Where to stay in Tatev
It’s possible to stay in Tatev village but there are better options available in Goris. Have a look for Tatev guesthouses here.
Recommended time: 3-4 nights
Heading to the unrecognised republic of Nagorno-Karabakh isn’t high on everyone’s Armenia itinerary but the area is incredibly beautiful and has some interesting history. You will need to get a visa when you arrive and it’s not a good idea to go if you plan to travel to Azerbaijan after but we’ve read that it is possible.
You can read more detailed information about visas, transport, accommodation and things to do in our full Artsakh Guide.
Stepanakert is the capital of Nagorno-Karabakh or Artsakh as it also known. The city is very clean and surprisingly fancy with a large main street with plenty of clothing shops. There are some upmarket hotels and cafes in the centre and you could be mistaken for thinking you’re in a European town. But get a little out of the centre and the evidence of this areas turbulent past becomes a little more obvious. Pay a visit to the ‘We Are Our Mountains’ monument and wander the town before heading off to explore some other areas of Artsakh.
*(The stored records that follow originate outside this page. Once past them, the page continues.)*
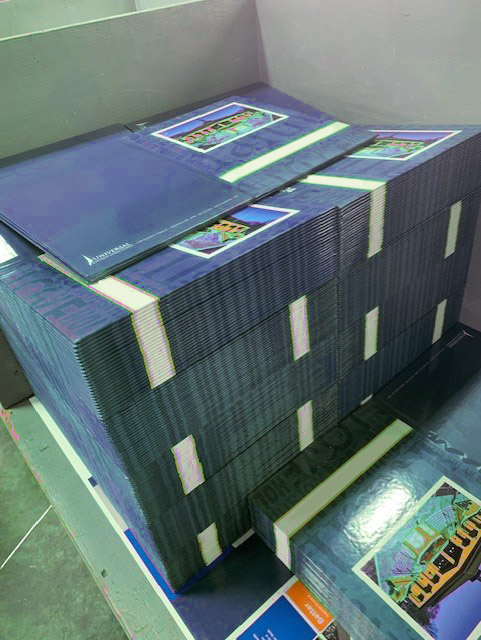 hardcover book printing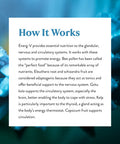 Nature'S Sunshine Energ-V 100 Capsules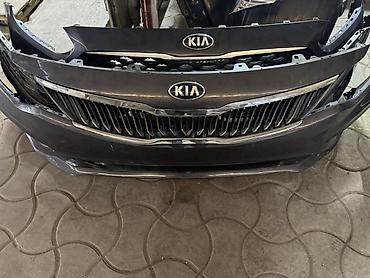 Бампер и комплектующие: Бампер Hyundai, Оригинал — 5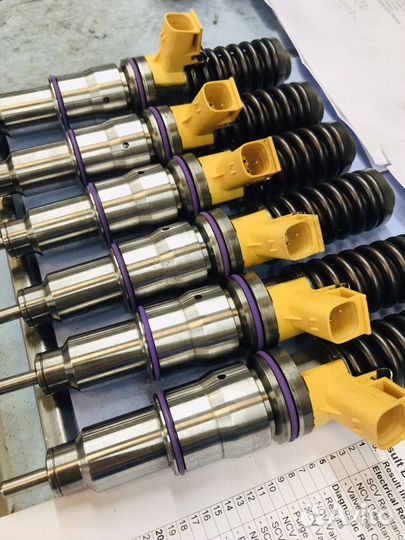 Насос форсунки Volvo VNL 20517502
We also recommend visiting Shushi for at least a day trip where there is an excellent history museum about the area, a stunningly restored cathedral, a great local restaurant (Old Shushi) and a lovely hotel with cathedral views (Hotel Shushi).
How to get to Stepanakert
Minivans leave from the Central Bus Station (also called Kilikia Station, along the highway M5) in Yerevan once full from 7 am. We were told they left every hour but one left when we arrived and our one left 15 minutes later and we could see the next one already filling up. It costs 5000 AMD per person and takes around 6 hours.
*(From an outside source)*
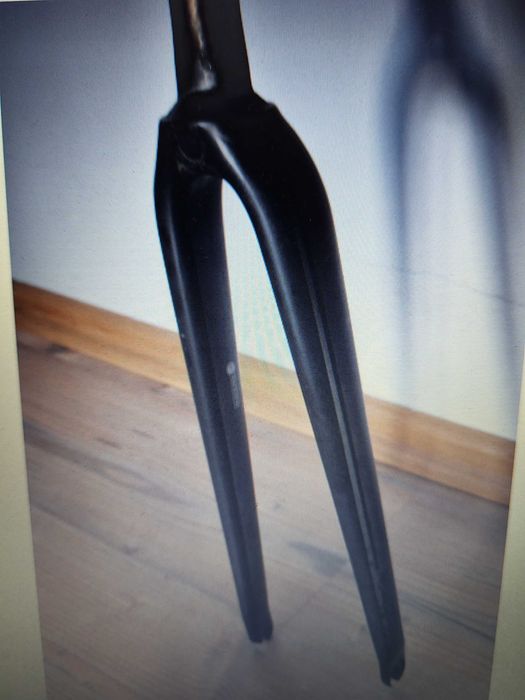 Carbon ROSE XLITE XLTM Widelec Szosa Gravel 296gr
Where to stay in Stepanakert
We asked around at places when we arrived but besides some large hotels, there are not many places to stay. We ended up at the place recommended to us at the border and paid 7000 AMD for 2 people in a large, basic room with bathroom. This is about the cheapest for this area, it was very clean and had lovely owners. Contact: (+374)097790199 or find them here Mamikonjan Street 60.
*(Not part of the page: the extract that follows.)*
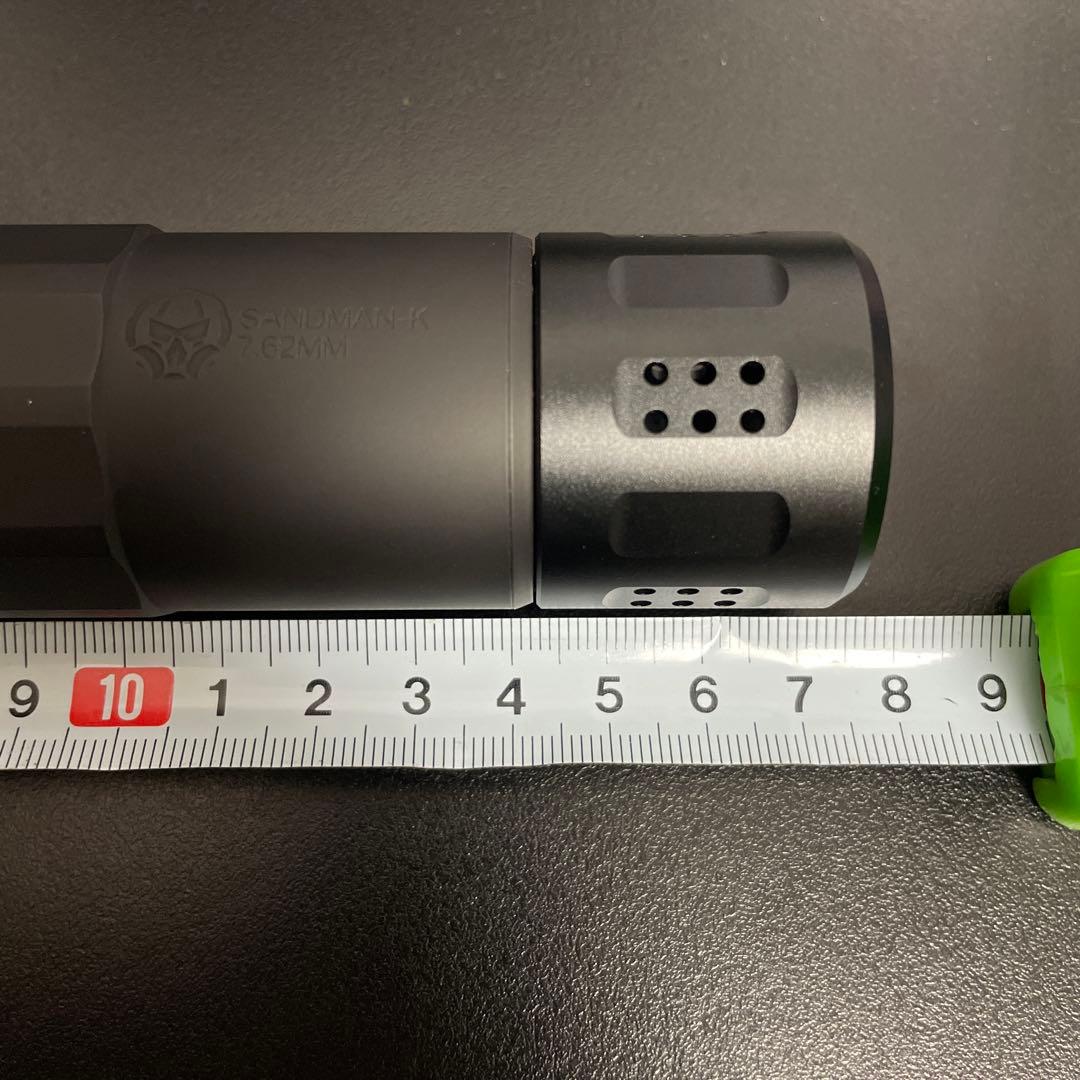 sandman dead air サプレッサー サイレンサー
Other Place to Visit in Armenia
We didn’t visit these areas but they are on our list for next time!
Telling people we went to Armenia but didn’t visit Lake Sevan is a bit embarrassing but in the end it just didn’t fit in and all we would have managed was a quick day trip to take some photos. We heard it was very busy as we were there in the middle of summer so we plan to return sometime and relax here when there are less people about. The lake takes up 5% of Armenia and looks really beautiful although be aware that it is quite high and so the temperatures are usually not ideal for swimming.
How to get to Lake Sevan
There are minivans leaving from Yerevan's North bus station. The journey takes about an hour and costs 600 AMD.
This picture-perfect monastery is on every postcard of Armenia. If you go on a clear day the views of the monastery with the snow-capped mountains in the background is breath-taking. This makes a good stop-off on the way to Goris or as part of a day tour from Yerevan if you have a driver. But the effort of getting there by public transport didn’t seem worth it for us as we have seen so many beautiful monasteries in both Armenia and Georgia.
How to get to Khor Virap
Minivans leave from behind David of Sasun train station and take about an hour. It costs 400 AMD per person. Make sure you check about return times before you leave as they are not always regular!
Noravank is another beautiful monastery which can be included as a stop on the way to Tatev or as a day trip from Yerevan. It’s set in a really impressive gorge and is actually three churches which are beautifully decorated. If you haven’t already seen your fill of monasteries consider factoring it in to your Armenia travel plans!
How to get to Noravank
There is no public transport to Noravank so your best bet is to include it in a day trip from Yerevan or hitchhike.